PROVIDED RECORDS:
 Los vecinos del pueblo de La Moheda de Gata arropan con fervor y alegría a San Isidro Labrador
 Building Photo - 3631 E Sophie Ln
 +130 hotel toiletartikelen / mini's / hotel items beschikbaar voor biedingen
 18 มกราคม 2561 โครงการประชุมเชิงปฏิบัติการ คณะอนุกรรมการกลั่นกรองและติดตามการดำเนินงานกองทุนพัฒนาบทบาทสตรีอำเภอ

* * *

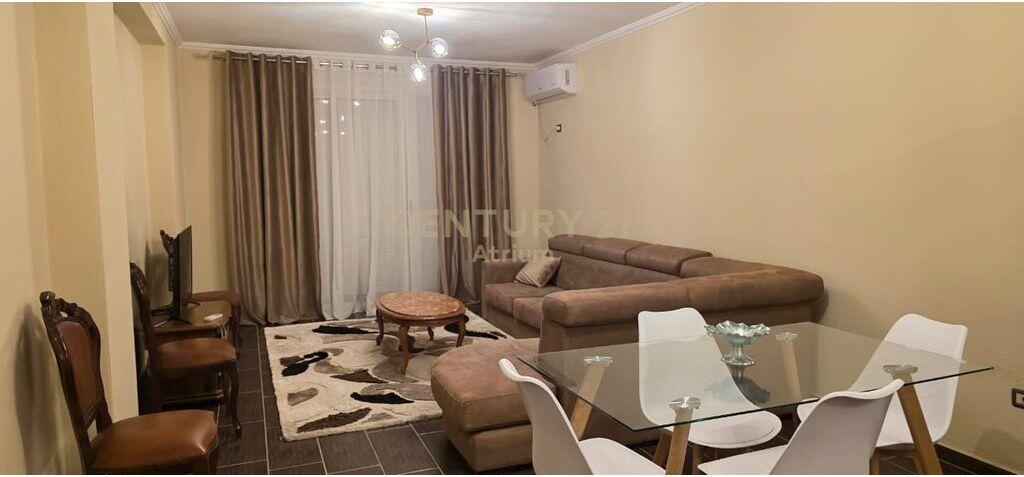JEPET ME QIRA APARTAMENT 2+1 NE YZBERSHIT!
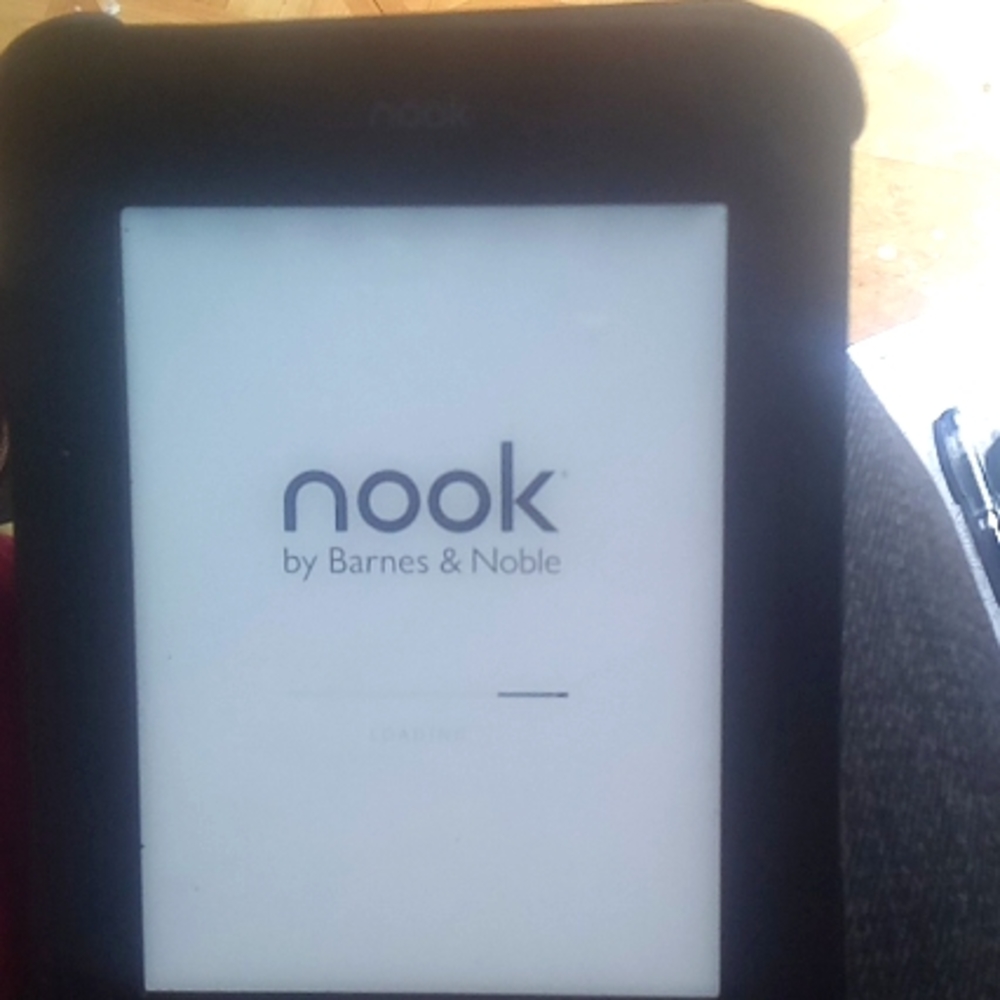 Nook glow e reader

INSTRUCTIONS FOR THE TASK:
In the listing above, find the line with "Los vecinos del" and the line with "18 มกราคม 2561", then print exactly those two lines and every line between them, and nothing more.

SOLUTION BELOW:
 Los vecinos del pueblo de La Moheda de Gata arropan con fervor y alegría a San Isidro Labrador
 Building Photo - 3631 E Sophie Ln
 +130 hotel toiletartikelen / mini's / hotel items beschikbaar voor biedingen
 18 มกราคม 2561 โครงการประชุมเชิงปฏิบัติการ คณะอนุกรรมการกลั่นกรองและติดตามการดำเนินงานกองทุนพัฒนาบทบาทสตรีอำเภอ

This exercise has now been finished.